Donatien Hainaut and Franck Moraux examine the hedging of options with self- exciting market shocks; Yaxiong Zeng and Diego Klabjan demonstrate the performance of reinforcement learning for the optimization of portfolios of American options; Fabien Le Floc’h analyzes adaptive methods to evaluate the integrals that arise in standard pricing formulas for the Heston model; and J. Lars Kirkby discusses extensively a unified framework for pricing exotic and early exercise options via recursion of the value, density or characteristic function under Le´vy dynamics.
In addition, I am delighted to welcome three new members to the editorial board. Christa Cuchiero from the University of Vienna is a leading expert on the modeling of financial markets with affine and polynomial processes as well as on stochastic portfolio theory, and she has recently made groundbreaking contributions to the calibration of models with neural networks. Athena Picarelli, currently at the University of Verona, is known for her work on stochastic optimal control problems, their numerical realization and their applications to hedging, portfolio optimization and risk management. Adil Reghai, head of quantitative research for equities and commodities at Natixis, brings with him many years of experience in developing and implementing cutting-edge models within the financial industry.

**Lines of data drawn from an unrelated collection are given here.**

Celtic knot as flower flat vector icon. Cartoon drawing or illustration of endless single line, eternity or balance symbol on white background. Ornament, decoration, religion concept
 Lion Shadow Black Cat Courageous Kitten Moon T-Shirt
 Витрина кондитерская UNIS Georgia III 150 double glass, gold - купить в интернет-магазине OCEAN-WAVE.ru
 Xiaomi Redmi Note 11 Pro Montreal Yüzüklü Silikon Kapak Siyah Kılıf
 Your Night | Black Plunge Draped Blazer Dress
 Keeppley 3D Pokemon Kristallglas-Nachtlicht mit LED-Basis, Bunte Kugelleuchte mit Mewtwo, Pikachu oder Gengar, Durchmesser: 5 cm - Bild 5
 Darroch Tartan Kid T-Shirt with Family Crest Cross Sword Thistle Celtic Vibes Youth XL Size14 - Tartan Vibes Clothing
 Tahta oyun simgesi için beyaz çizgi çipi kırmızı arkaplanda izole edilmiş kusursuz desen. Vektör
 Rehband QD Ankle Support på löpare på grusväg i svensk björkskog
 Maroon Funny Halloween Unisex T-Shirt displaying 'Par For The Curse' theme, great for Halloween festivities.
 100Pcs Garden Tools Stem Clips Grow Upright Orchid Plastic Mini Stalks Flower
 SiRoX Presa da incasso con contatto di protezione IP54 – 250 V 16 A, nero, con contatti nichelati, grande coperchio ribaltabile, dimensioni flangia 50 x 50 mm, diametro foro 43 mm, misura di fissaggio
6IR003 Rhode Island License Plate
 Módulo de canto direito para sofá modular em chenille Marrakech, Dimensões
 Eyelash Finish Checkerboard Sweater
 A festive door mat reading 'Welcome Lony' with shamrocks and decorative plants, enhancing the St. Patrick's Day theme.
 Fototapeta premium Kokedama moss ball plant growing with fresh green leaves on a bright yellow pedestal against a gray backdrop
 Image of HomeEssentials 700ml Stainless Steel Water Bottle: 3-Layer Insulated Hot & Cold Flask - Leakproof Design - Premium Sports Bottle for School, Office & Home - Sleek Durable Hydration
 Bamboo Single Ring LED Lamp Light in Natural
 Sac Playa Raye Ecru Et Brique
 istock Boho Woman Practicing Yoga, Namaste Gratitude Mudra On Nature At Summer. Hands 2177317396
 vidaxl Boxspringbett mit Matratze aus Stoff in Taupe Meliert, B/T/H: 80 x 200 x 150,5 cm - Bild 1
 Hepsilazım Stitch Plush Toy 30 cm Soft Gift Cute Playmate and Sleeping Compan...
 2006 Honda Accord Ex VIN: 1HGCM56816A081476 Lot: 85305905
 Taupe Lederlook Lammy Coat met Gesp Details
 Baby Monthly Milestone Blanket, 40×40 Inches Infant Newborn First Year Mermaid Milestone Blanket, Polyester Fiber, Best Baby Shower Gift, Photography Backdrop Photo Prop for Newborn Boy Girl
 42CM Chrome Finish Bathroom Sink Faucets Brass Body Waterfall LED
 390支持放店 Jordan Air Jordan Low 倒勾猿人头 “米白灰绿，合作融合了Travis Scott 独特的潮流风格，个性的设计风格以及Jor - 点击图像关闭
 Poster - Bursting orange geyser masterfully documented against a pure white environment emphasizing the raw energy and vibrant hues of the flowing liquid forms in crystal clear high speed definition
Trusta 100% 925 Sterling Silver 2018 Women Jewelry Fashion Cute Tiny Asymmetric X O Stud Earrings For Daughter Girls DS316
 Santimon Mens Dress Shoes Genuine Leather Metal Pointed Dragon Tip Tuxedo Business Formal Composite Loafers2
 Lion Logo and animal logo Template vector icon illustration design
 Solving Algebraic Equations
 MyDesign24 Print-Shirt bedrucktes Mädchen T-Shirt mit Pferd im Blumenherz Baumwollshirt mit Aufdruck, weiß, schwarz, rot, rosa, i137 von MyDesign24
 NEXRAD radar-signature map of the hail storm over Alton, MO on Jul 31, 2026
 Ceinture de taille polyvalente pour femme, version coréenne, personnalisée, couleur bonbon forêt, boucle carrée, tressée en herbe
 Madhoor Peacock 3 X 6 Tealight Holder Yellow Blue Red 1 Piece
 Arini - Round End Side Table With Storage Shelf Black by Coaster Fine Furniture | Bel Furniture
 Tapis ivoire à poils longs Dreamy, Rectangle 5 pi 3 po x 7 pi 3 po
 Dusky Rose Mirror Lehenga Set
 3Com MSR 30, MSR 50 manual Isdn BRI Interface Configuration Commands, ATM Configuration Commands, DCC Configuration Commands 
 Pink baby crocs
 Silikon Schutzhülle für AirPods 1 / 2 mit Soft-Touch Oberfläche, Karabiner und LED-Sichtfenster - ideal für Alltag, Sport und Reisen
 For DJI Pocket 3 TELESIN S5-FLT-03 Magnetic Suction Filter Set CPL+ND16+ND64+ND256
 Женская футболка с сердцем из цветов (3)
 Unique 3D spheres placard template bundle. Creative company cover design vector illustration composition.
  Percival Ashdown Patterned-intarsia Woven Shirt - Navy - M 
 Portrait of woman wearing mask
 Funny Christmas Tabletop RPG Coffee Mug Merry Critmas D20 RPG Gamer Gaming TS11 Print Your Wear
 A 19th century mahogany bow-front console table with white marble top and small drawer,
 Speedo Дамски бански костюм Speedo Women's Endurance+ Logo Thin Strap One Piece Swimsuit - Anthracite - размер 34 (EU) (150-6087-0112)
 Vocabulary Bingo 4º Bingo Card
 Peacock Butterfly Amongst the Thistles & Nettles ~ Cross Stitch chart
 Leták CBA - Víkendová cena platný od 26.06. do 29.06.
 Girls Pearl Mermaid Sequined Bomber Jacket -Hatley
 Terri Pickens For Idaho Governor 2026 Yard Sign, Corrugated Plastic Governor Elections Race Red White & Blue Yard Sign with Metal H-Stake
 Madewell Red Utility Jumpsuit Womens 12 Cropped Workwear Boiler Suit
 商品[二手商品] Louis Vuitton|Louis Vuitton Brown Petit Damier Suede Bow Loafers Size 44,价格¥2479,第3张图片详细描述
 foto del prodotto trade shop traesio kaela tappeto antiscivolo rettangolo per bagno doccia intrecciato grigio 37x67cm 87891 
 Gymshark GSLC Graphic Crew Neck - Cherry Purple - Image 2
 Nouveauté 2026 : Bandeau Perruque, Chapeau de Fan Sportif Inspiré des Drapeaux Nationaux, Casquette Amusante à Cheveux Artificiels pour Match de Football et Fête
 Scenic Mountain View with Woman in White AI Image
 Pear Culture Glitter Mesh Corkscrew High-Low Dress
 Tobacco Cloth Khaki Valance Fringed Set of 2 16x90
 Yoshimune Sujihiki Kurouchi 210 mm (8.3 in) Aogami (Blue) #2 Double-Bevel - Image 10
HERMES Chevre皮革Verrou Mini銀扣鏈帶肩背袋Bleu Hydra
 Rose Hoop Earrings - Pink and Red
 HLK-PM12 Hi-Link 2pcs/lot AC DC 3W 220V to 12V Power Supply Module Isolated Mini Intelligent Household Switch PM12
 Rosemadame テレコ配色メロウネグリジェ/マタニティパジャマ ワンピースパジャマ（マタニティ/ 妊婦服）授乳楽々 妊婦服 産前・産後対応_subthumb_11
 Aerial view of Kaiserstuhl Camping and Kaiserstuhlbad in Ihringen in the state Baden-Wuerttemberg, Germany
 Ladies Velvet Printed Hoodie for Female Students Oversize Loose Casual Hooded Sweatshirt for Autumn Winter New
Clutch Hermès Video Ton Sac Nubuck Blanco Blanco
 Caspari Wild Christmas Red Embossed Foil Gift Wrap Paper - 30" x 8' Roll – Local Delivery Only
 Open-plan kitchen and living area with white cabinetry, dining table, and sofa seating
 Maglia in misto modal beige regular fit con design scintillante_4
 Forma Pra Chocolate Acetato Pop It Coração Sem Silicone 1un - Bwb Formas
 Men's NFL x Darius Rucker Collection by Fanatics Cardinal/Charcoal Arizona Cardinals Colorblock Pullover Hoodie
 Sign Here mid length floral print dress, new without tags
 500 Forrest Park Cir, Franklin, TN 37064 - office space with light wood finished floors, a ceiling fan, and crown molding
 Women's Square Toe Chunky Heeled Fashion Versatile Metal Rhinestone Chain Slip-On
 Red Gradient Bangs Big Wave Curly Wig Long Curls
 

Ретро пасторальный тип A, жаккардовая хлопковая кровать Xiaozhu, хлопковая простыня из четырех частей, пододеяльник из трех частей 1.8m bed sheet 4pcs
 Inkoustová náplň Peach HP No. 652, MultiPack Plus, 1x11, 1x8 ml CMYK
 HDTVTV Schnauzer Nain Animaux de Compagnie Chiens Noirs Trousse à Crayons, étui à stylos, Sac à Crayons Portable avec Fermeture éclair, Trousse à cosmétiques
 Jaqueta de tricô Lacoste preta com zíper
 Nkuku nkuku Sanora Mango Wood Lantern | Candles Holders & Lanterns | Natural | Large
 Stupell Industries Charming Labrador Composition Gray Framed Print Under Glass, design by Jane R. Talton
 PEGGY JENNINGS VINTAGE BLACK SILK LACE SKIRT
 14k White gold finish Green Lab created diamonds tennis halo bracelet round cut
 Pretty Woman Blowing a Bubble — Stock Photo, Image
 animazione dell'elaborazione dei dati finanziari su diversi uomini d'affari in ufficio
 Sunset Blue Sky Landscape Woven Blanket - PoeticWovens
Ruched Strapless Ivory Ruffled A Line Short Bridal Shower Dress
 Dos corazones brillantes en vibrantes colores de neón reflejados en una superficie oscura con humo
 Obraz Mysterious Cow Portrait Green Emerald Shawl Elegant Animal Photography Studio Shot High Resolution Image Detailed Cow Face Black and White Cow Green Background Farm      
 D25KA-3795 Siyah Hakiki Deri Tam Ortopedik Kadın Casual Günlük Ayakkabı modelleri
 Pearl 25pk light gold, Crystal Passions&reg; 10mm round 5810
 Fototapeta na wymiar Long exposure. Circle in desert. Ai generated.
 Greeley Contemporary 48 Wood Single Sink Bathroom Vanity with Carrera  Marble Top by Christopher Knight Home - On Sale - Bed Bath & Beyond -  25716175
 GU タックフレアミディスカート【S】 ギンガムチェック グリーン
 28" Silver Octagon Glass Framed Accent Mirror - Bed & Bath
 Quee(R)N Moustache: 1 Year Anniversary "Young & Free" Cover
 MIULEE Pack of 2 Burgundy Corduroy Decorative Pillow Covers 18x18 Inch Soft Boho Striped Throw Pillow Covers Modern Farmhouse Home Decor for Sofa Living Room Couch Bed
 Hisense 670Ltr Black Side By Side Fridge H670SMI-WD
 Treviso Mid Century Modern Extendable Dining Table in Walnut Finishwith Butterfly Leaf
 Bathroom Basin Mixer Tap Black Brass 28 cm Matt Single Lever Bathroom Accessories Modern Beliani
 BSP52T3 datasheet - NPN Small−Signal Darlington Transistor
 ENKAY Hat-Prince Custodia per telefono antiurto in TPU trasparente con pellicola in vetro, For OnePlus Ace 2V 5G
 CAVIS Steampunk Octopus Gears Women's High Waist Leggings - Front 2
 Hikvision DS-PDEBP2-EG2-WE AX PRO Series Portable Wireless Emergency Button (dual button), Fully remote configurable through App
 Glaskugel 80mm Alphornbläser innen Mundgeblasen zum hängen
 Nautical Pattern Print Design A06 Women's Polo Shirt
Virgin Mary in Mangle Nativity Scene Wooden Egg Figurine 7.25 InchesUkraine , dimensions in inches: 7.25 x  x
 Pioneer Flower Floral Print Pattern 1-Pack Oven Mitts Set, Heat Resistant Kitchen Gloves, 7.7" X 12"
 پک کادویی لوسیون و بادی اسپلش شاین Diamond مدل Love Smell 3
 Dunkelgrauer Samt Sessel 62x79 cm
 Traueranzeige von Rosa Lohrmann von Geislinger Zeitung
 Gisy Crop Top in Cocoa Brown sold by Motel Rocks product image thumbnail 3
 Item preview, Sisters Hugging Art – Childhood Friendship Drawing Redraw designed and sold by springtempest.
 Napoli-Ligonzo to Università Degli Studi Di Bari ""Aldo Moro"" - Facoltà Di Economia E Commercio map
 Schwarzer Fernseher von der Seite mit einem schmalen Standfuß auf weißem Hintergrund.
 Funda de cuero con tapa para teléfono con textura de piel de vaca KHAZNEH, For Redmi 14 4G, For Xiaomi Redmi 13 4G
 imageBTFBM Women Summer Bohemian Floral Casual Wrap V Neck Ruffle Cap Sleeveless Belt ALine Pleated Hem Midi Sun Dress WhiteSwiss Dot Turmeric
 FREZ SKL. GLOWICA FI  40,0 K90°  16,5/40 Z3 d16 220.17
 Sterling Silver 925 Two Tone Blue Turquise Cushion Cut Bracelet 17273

Their expertise will help shape The Journal of Computational Finance in the abovementioned areas, and we particularly encourage your submissions in any of these.
I wish you an inspirational read and all the best for the coming year.
Christoph Reisinger
University of Oxford
Papers in this issue
Hedging of options in the presence of jump clustering
This paper analyzes the efficiency of hedging strategies for stock options in the presence of jump clustering.
Portfolio optimization for American options
In this paper, the authors construct strategies for an American option portfolio by exercising options at optimal timings with optimal weights determined concurrently.
An adaptive Filon quadrature for stochastic volatility models
In this paper, the author describes a simple adaptive Filon method that performs better and more accurately than various popular alternatives for pricing options under the Heston model.
American and exotic option pricing with jump diffusions and other Lévy processes
This paper develops a general methodology for pricing early exercise and exotic financial options by extending the recently developed PROJ method.